Now, the $64,000 question is, how much sense does that make? I remember many years ago, a client of mine, and it was a one to one client, and we're talking about now he was a big people pleaser always trying to please people. And I said, what happens if you don't do X, Y, Z? And he goes, Well, they're going to be mad at me. And I said, How do you know they're going to be mad at you? And he goes, Well, I don't I just guess they will, they will, you know, will be mad at me. And I said, Well, what happens if they're mad at you? And he goes, are not going to like me. Now, first of all, how could he possibly know how they were going to respond if he did, or he didn't do something unless he has any past evidence, and then he has to look at if I'm only doing what they want me to do, because they want me to do it. These people are taking advantage of me. They're using me. And then guess what, I'm unhappy because these people are using me. But what I want you to notice, as I said a little earlier, is what's the cause for you. Notice what reward what benefit you get for keeping everyone else happy and pleasing everyone else at the expense of your own happiness.

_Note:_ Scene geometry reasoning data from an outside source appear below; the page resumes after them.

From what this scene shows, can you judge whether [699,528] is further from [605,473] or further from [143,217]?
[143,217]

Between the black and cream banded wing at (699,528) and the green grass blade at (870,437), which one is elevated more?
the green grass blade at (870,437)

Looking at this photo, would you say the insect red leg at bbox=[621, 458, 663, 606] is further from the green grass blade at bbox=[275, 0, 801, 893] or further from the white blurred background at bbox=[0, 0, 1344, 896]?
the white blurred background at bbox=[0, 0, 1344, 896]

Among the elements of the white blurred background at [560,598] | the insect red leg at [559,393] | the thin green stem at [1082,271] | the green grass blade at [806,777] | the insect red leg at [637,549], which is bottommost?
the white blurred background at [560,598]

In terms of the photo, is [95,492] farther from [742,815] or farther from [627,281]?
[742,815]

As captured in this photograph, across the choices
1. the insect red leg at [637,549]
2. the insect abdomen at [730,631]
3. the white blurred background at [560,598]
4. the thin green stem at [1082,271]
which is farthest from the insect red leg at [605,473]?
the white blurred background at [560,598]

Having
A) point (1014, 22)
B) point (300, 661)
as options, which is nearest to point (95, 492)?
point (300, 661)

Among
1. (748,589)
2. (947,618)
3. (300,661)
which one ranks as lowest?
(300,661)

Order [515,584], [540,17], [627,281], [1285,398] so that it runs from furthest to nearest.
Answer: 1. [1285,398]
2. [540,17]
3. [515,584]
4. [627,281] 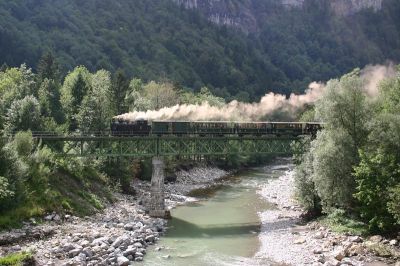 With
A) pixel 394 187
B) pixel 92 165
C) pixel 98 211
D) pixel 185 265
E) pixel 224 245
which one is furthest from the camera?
pixel 92 165

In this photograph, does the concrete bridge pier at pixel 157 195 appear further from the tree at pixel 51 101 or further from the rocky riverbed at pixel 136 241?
the tree at pixel 51 101

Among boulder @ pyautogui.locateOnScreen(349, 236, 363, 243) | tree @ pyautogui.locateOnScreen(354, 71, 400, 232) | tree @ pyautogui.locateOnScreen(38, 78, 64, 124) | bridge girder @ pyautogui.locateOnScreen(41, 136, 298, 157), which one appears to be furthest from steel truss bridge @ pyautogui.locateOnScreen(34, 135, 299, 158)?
tree @ pyautogui.locateOnScreen(38, 78, 64, 124)

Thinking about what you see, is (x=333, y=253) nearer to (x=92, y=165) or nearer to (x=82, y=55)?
(x=92, y=165)

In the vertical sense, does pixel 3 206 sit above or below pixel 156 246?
above

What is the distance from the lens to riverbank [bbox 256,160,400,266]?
34.6m

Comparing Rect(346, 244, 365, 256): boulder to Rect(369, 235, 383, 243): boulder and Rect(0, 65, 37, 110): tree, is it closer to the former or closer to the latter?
Rect(369, 235, 383, 243): boulder

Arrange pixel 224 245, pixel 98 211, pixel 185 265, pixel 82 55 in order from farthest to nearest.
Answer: pixel 82 55, pixel 98 211, pixel 224 245, pixel 185 265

Now, I'm no better no different than anyone else. I think many years ago, I used to be a people, people pleaser. I used to want to make people happy and soothe things and you know, make everything just, you know, hunky dory, great with everyone. And at this point in my life, I don't care. Now, when I say I don't care. It's not that I don't care about other people or their opinion. Yet, what I recognize is that I'm not responsible for other people's happiness. I'm not responsible for making sure that people enjoy themselves at a party, or you know, any venue or any event. These people are not my responsibility. And that lightens your load when you work from that place is that I'm only responsible for me. And there going to be times that people don't like what I do. They don't like you know what I say? And that's fine. Because guess what, this is what I want you to do, I want you to look at all the people right now that you don't like, or people that you don't want to be around. Think about that for a second, just get a list and I bet you that you could name all three people that you you just don't enjoy being around.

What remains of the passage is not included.